ENTRIES SHOWN:
____

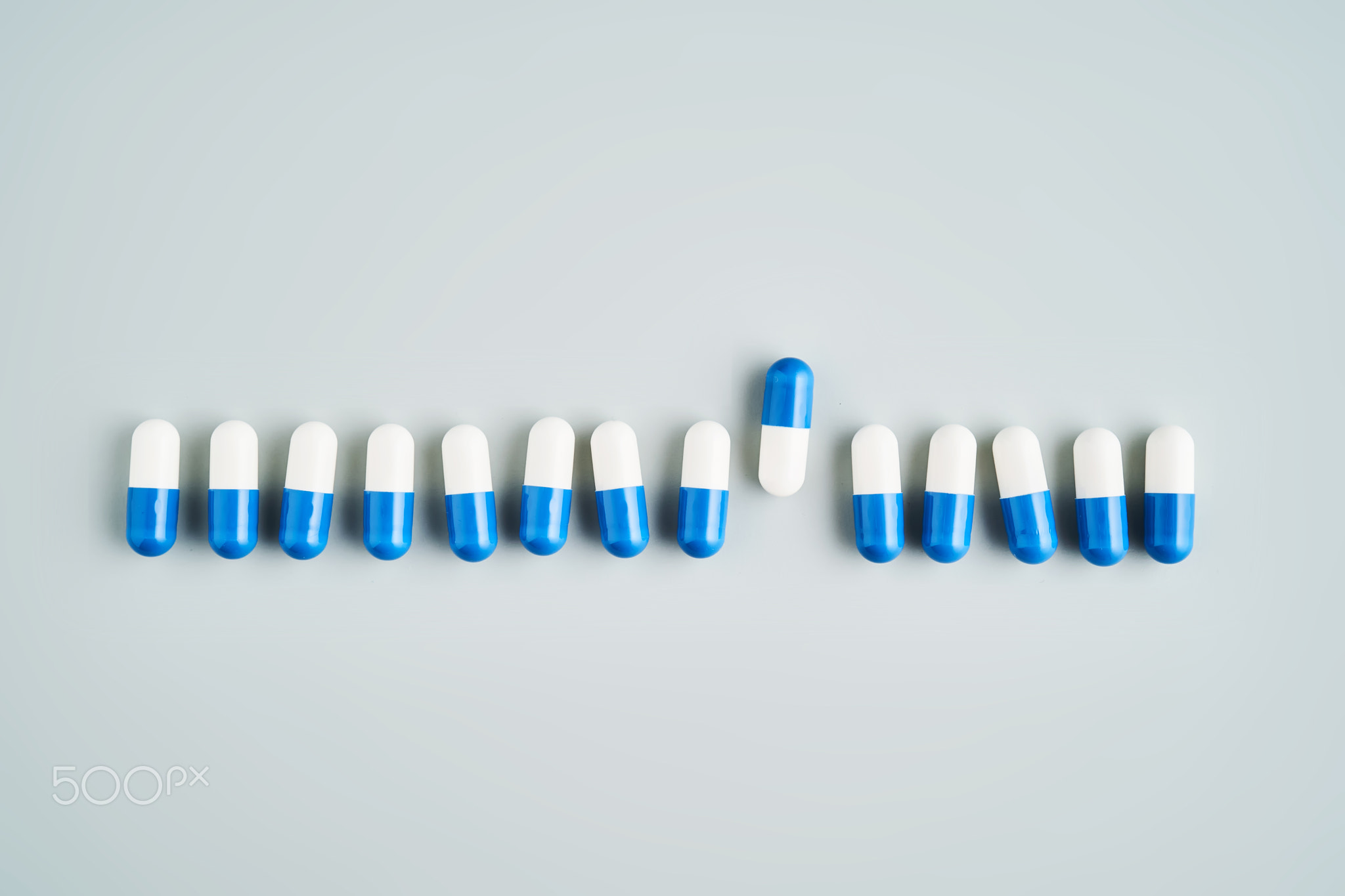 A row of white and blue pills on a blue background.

____

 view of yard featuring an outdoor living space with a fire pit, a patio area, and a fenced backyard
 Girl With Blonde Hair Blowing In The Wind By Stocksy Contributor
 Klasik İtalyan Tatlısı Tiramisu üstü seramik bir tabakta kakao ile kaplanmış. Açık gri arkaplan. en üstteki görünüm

____

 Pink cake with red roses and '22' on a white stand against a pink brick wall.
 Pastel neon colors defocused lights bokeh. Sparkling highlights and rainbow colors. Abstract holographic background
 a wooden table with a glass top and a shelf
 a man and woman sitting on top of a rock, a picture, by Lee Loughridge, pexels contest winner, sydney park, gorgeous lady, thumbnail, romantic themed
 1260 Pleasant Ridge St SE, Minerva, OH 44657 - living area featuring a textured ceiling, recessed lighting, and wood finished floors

____

WORK ORDER:
Everything from the line containing "Pastel neon colors" through the line containing "a wooden table with a glass top and a shelf" in the material above should be retyped exactly, both ends included, and nothing more.

RESULT OF THE EXERCISE:
 Pastel neon colors defocused lights bokeh. Sparkling highlights and rainbow colors. Abstract holographic background
 a wooden table with a glass top and a shelf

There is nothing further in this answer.